Monitoring
==========
There are two production mechanisms for monitoring components of the
correlator: `katcp`_ sensors and `Prometheus`_ metrics.

These have different strengths and weaknesses. Prometheus is highly scalable
(so can handle a large number of metrics), supports metric labels, and has a
rich ecosystem (such as `Grafana`_ for easily visualising metrics). On the
other hand, katcp sensors can be more precisely timestamped and support
arbitrary string values (often containing structured data) rather than just
floating-point.

In general, we use katcp sensors for information that should be archived
alongside the data to facilitate its interpretation, as well as sensors that
are needed by other subsystems in the MeerKAT telescope. Prometheus metrics
are used for detailed health and performance monitoring. However, this rule is
not hard-and-fast, and some information is reported via sensors for historical
reasons.

.. _katcp: https://katcp-python.readthedocs.io/en/latest/_downloads/361189acb383a294be20d6c10c257cb4/NRF-KAT7-6.0-IFCE-002-Rev5-1.pdf
.. _Prometheus: https://prometheus.io/
.. _Grafana: https://grafana.com

There is a third monitoring mechanism (event monitoring) intended for
development purposes.

.. _monitoring-sensors:

katcp sensors
-------------
The katcp sensors are self-documenting: issuing a ``?sensor-list`` request to
any of the servers will return a list of the sensors with descriptions. We
thus limit this section to sensors that need a more detailed explanation.
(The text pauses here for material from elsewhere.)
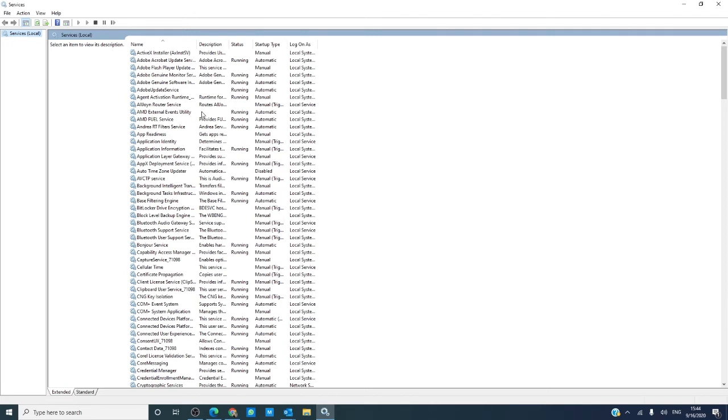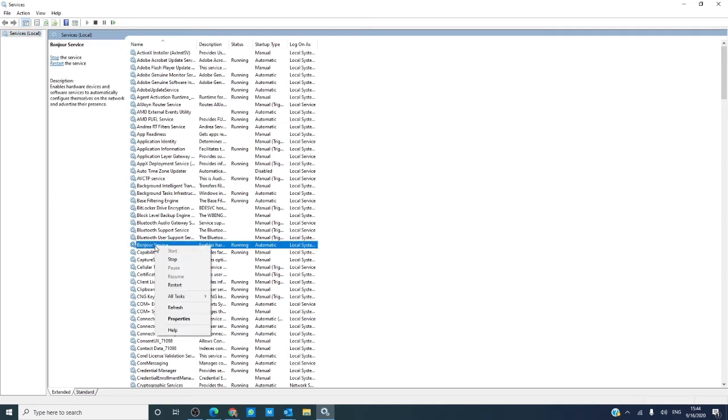You can see a description, their status, their startup time. If you right-click on one of these, you can select their properties.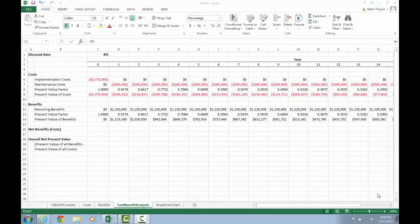In this next tutorial, we're going to take a look at how to calculate the yearly net benefit or cost, and then also how to calculate the overall net present value. Picking up from where we left off last time, I went ahead and filled in the benefits section of the worksheet using a process similar to what we used to fill out the costs section. You should be able to fill out the benefits section on your own — this is expected of you when completing this assignment.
It should be noted that a large number of sensors describing static
configuration (number of channels, accumulation length and so on) are provided
by the product controller rather than this module.

``steady-state-timestamp``
    This sensor is provided by ``dsim``, ``fgpu`` and ``xbgpu``. It can be used to
    synchronise katcp requests with the data. After issuing a katcp request
    that will alter the data stream (such as ``?signals``, ``?gain`` or
    ``?delay``), query the sensor. It will contain an ADC timestamp. Any data
    received with that timestamp or greater will be up to date with the
    effects of all prior requests.

    It should be noted that a ``?delay`` request with a future load time is
    considered to have taken effect when the delay model has been updated,
    even if that load time has not yet been reached.

    It should also be noted that the sensor value from a ``dsim`` does not
    take into account any delays applied by F-engines. One should add the
    delay of the corresponding F engine (or an upper bound on it) to obtain a
    safe timestamp for post–F-engine data streams.

``signals``, ``period`` and ``dither-seed`` (dsim)
    To reproduce the output of the dsim exactly, it is necessary to save all
    three of these sensors, and pass the ``dither-seed`` back to the
    :option:`!--dither-seed` command-line option and the other two to the
    ``?signals`` request (as well as keeping other command-line arguments the
    same).

Prometheus metrics
------------------
To enable Prometheus metrics for any of the services, pass
:option:`!--prometheus-port` to specify the port number. The metrics are then
made available at the ``/metrics`` HTTP endpoint on that port. Pointing a web
browser at that endpoint will show the available metrics with their
documentation.

Event monitoring
----------------
It is also possible to perform very detailed monitoring of events occurring
within fgpu and xbgpu, particularly related to time spent waiting on queues.
This is intended for debugging performance issues rather than production use,
as it has much higher overhead than the other monitoring mechanisms. To
activate it, pass :option:`!--monitor-log` with a filename to the process. It
will write a file with a JSON record per line. The helper script in
:program:`scratch/plot.py` can be used to show a visualisation of the various
queues over time. It's not recommended for more than a few seconds of data.